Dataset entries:
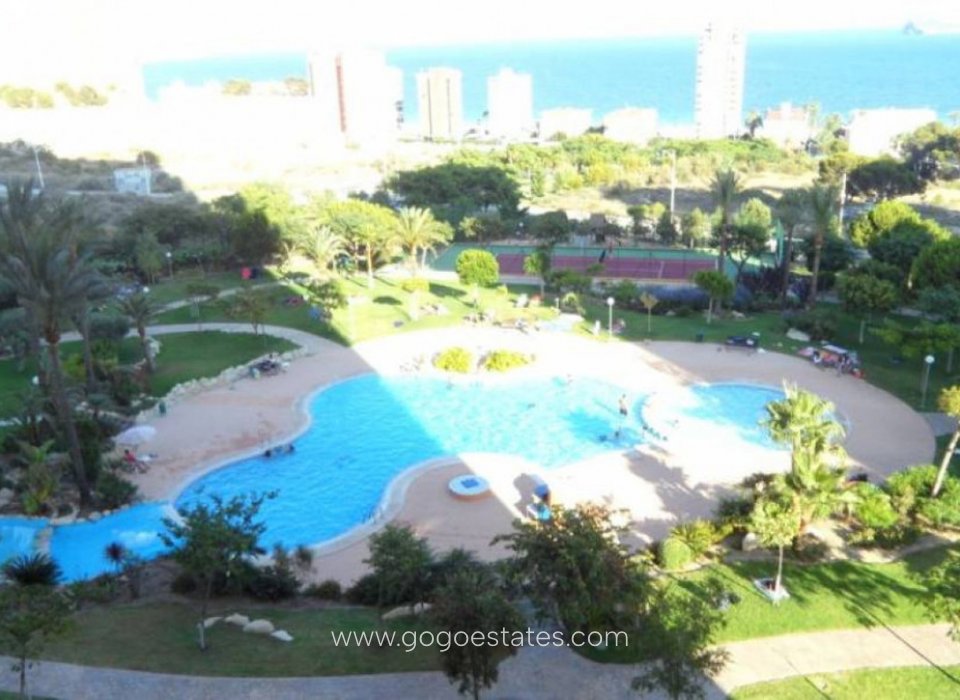 Venta - Apartamento - Apartamento Planta Media - Benidorm - Benidorm Centro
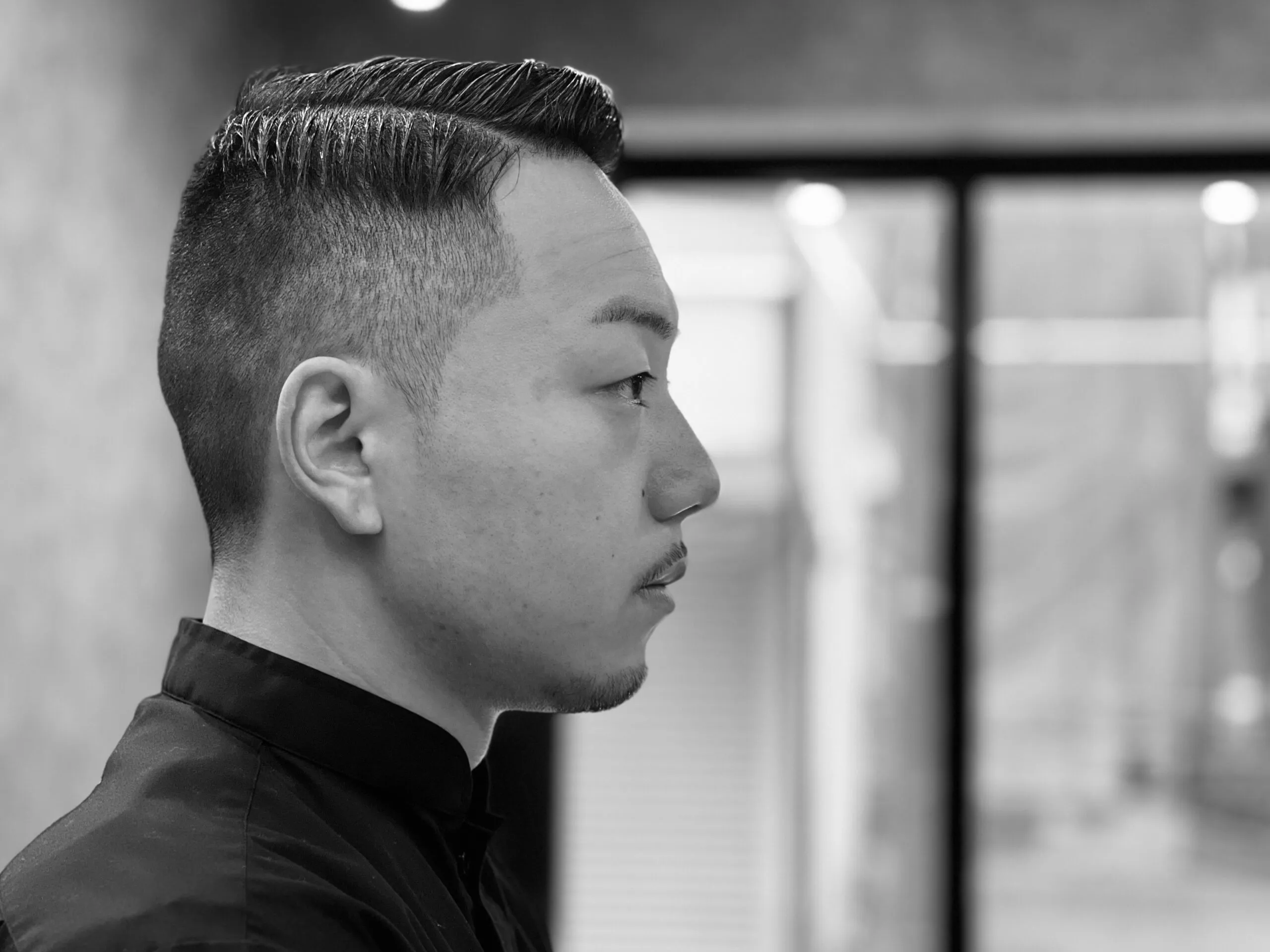 未来の理容師に向けたメッセージ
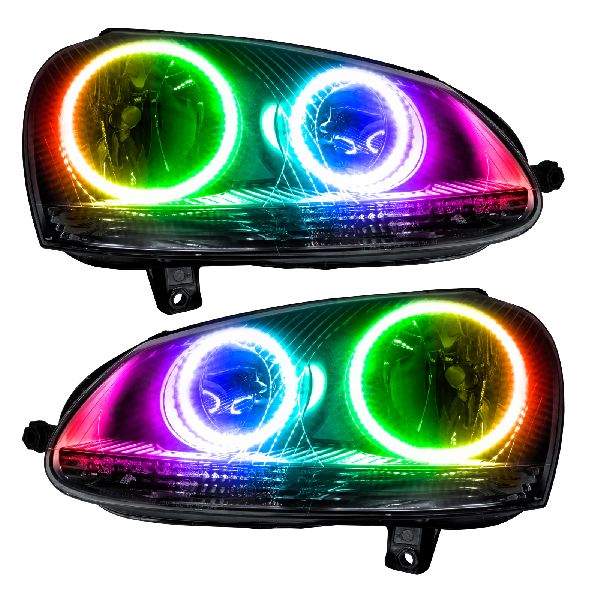 2006-2010 Volkswagen Jetta Headlight Assembly (Oracle Lighting)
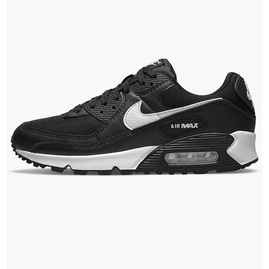 Кросівки жіночі Nike Air Max 90 Black DH8010-002, Розмір: 41, Наявність: Склад (1-3 дня), фото 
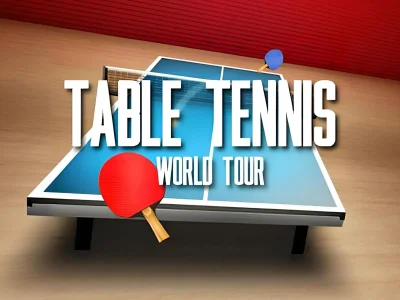 遊戲Table Tennis World Tour在線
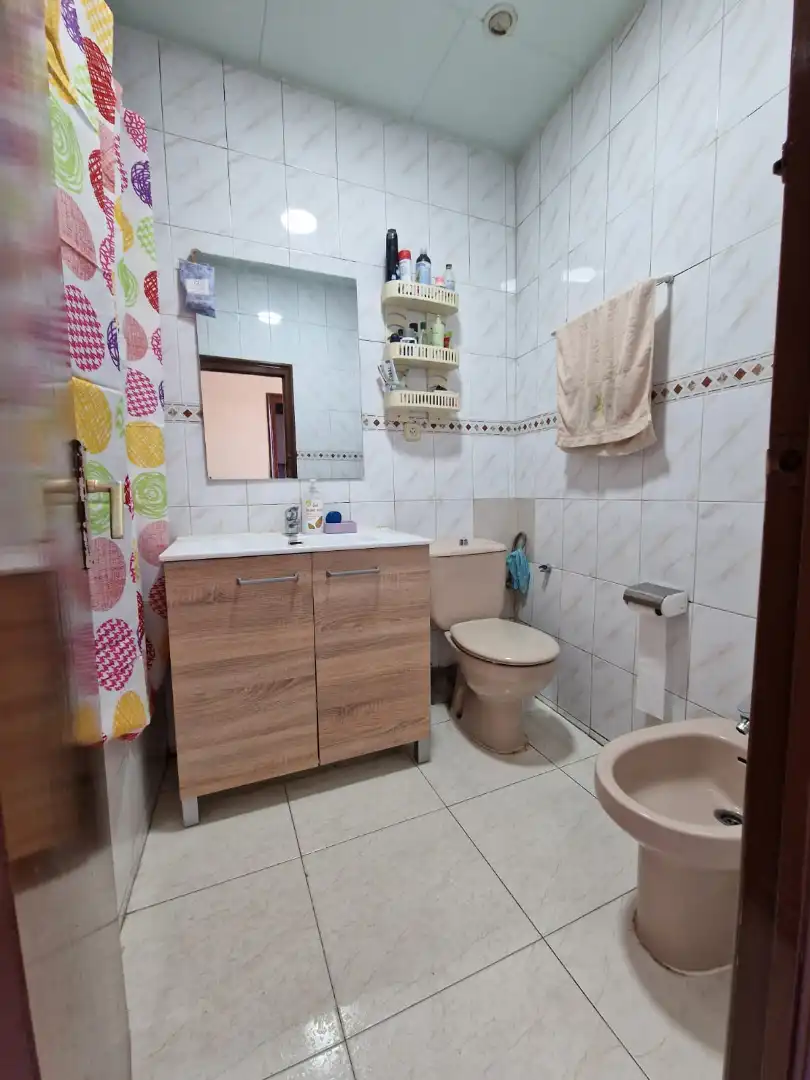 Baño de Piso en venta en Barcelona con Terraza y Balcón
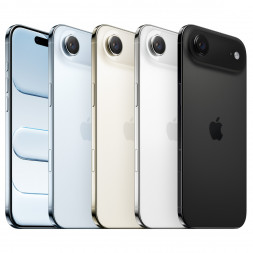 Смартфон Apple iPhone Air 1TB eSim, Sky Blue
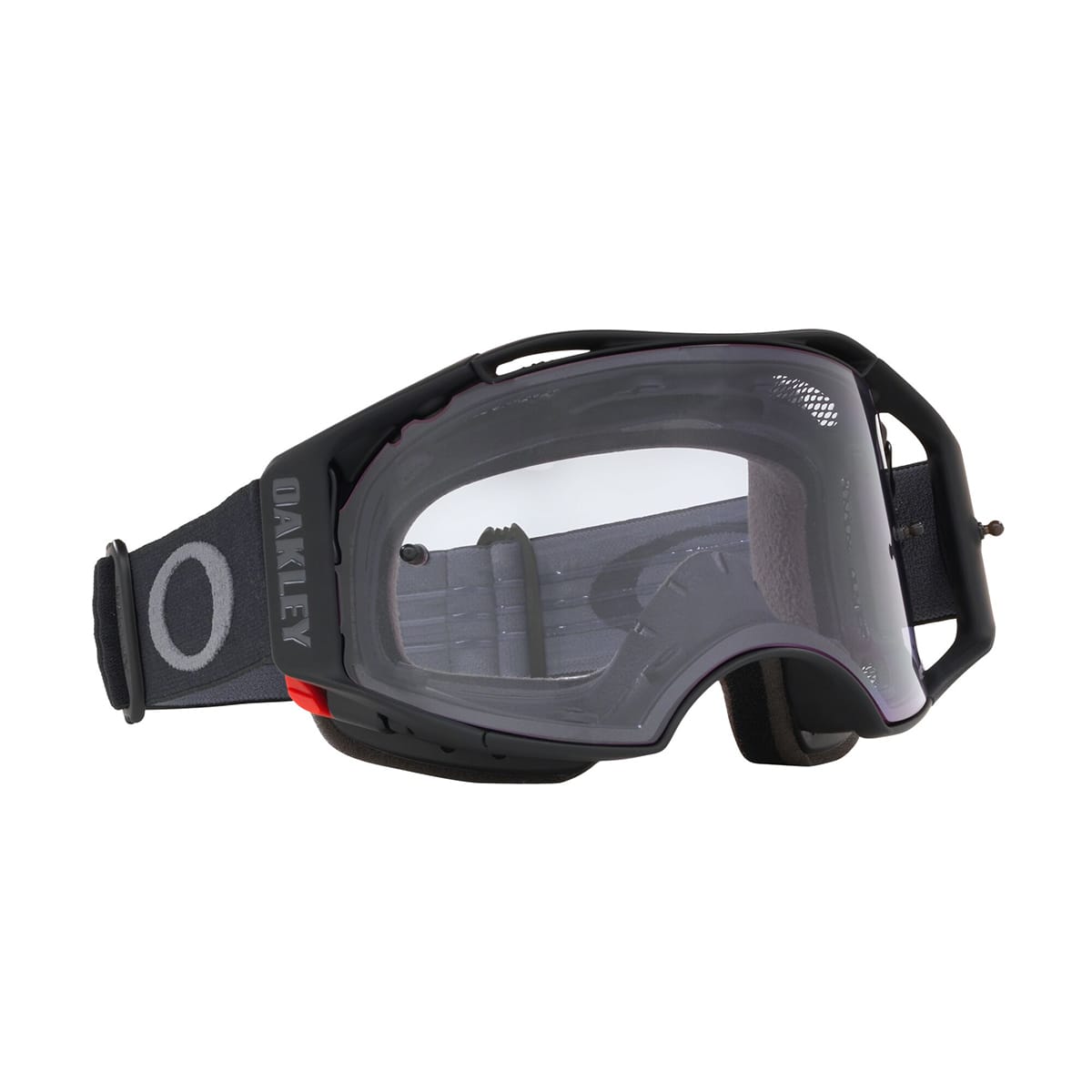 OAKLEY Airbrake MTB Musta Gunmetal Prizm Mx Low Light suojalasit OO7107-02 OAKLEY Airbrake MTB Musta Gunmetal Prizm Mx Low Light suojalasit OO7107-02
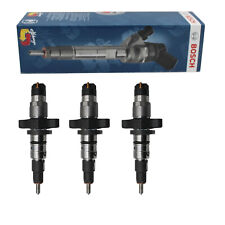 Usado, Injetor diesel Bosch recondicionado 0986435508 x 3 comprar usado  Enviando para Brazil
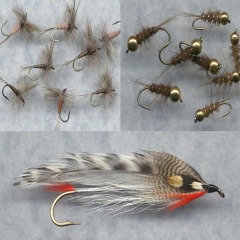 BTI-09D-4021 Mallard Flank Feather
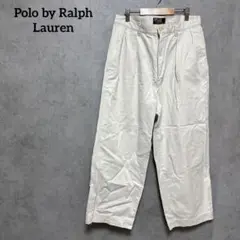 Polo by Ralph Lauren ラルフローレン　チノパン　80 M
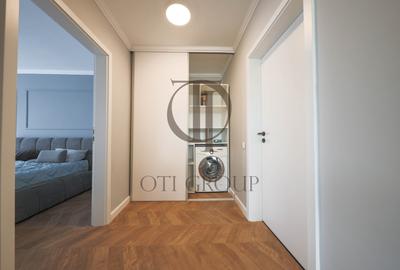 Apartament 2 camere, 65 mp + terasă 20 mp, parcare subterană, Soporului – vedere - 14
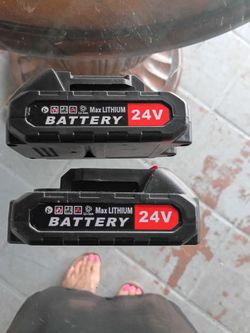 Batteries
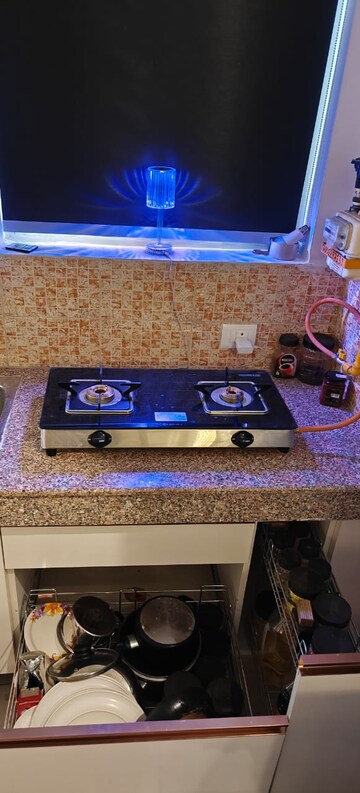 Bedroom in 1 BHK Apartment at Wave City, Wave City – for Rent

▶ _ABOUT THIS TASK_:
The copy must match each record exactly, apart from the images, which stay out.

▶ _RESPONSE AREA_:
 Venta - Apartamento - Apartamento Planta Media - Benidorm - Benidorm Centro
 未来の理容師に向けたメッセージ
 2006-2010 Volkswagen Jetta Headlight Assembly (Oracle Lighting)
 Кросівки жіночі Nike Air Max 90 Black DH8010-002, Розмір: 41, Наявність: Склад (1-3 дня), фото 
 遊戲Table Tennis World Tour在線
 Baño de Piso en venta en Barcelona con Terraza y Balcón
 Смартфон Apple iPhone Air 1TB eSim, Sky Blue
 OAKLEY Airbrake MTB Musta Gunmetal Prizm Mx Low Light suojalasit OO7107-02 OAKLEY Airbrake MTB Musta Gunmetal Prizm Mx Low Light suojalasit OO7107-02
 Usado, Injetor diesel Bosch recondicionado 0986435508 x 3 comprar usado  Enviando para Brazil
 BTI-09D-4021 Mallard Flank Feather
 Polo by Ralph Lauren ラルフローレン　チノパン　80 M
 Apartament 2 camere, 65 mp + terasă 20 mp, parcare subterană, Soporului – vedere - 14
 Batteries
 Bedroom in 1 BHK Apartment at Wave City, Wave City – for Rent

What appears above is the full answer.